New Research Could Cut Down on Wind Turbine Bat Deaths


New Research Could Cut Down on Wind Turbine Bat Deaths

­If you’ve ever dipped your toes in the renewable energy debate, you’ve probably heard that wind turbines have a bad habit of killing wildlife. But Australian research could help eliminate those deaths – at least when it comes to bats.

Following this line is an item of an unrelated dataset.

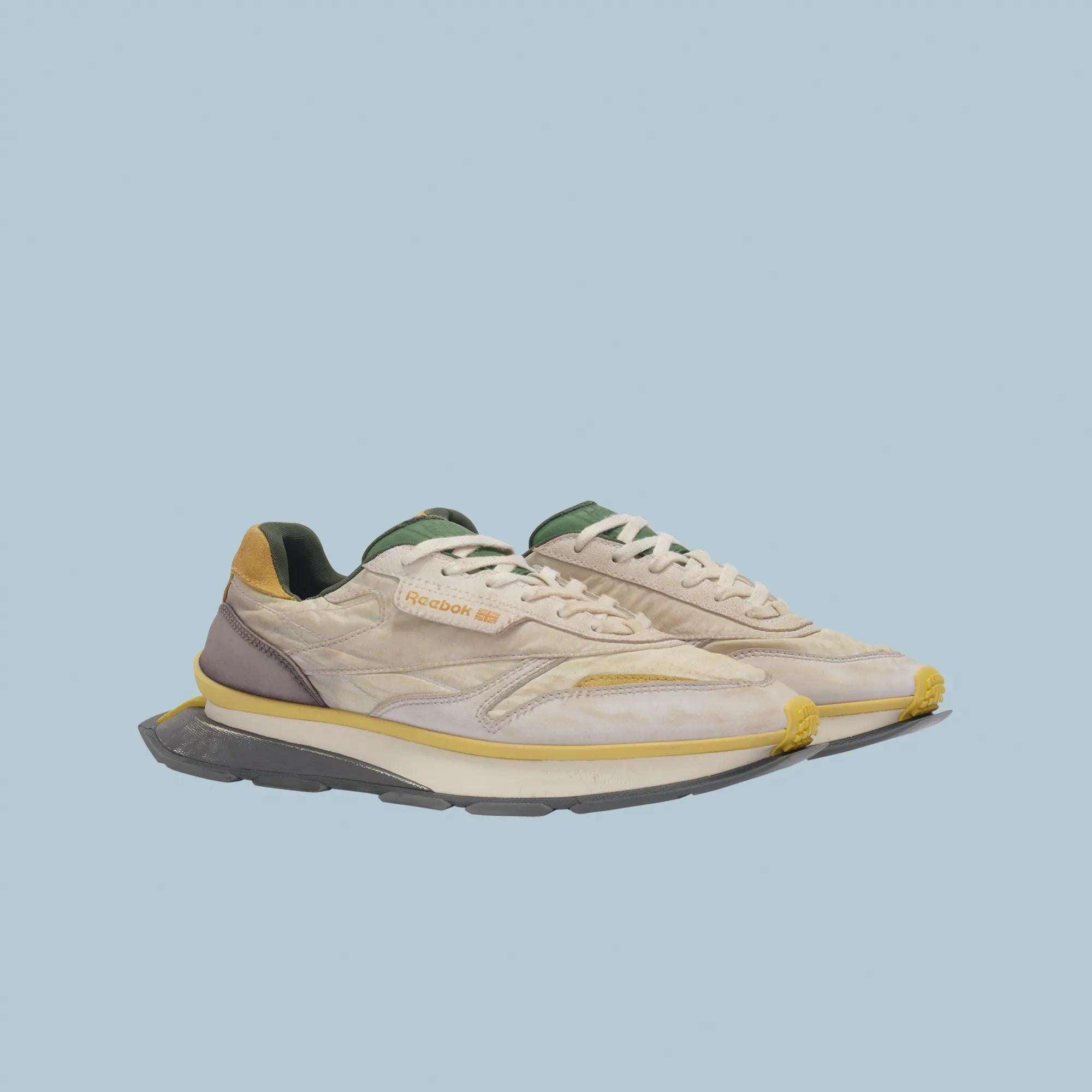 Classic Leather LTD Shoes Unisex Product Image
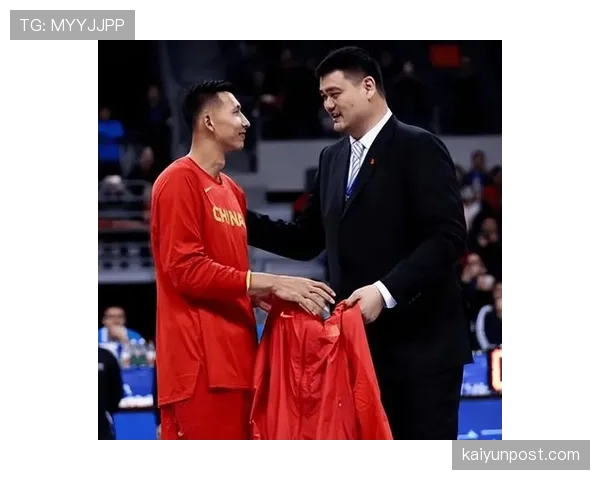 易建联家里那泳池,比咱们小区健身房还豪华,这生活真让人心慌 易建联家里那泳池,比咱们小区健身房还豪华,这生活真让人心慌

Estimates for the number of birds killed each year by wind farms vary wildly. From what I can tell, different studies place the figures at 4 to 18 birds killed per turbine per year, with a broad overall appraisal of 140,000 to 679,000 birds killed, annually, though some studies place them in the millions.

Though those figures are a tiny fraction of the birds killed by power lines – 12 to 64 million each year – or cats, they’re not insignificant. And if nothing’s done, turbine bird deaths will continue to rise with the addition of new wind farms and the overall embrace of renewable energy.

In Victoria, Australia, somewhere from 25,000 and 50,000 bats die annually from colliding with the more than 1,400 wind turbines in operation there. And along Australia’s east coast, about 12 bats die each year per turbine.

In relative terms, far more bats than birds are killed by turbines, spurning Australian researchers to action.

And apparently, the solution rests with wind turbine speeds.

According to The Guardian, wind turbines “cut in” (or start turning) at wind speeds of about 3 metres a second (m/s), with maximum output between 10 and 15m/s. And research has found that reducing the cut-in speed from 1 to 3m/s reduced bat deaths by 33% to 81%, while a separate study concluded that a 5m/s cut-in speed reduced bat fatalities by nearly two-thirds.

Obviously, that’s not the final word on turbine-related avian deaths, but it’s a good start.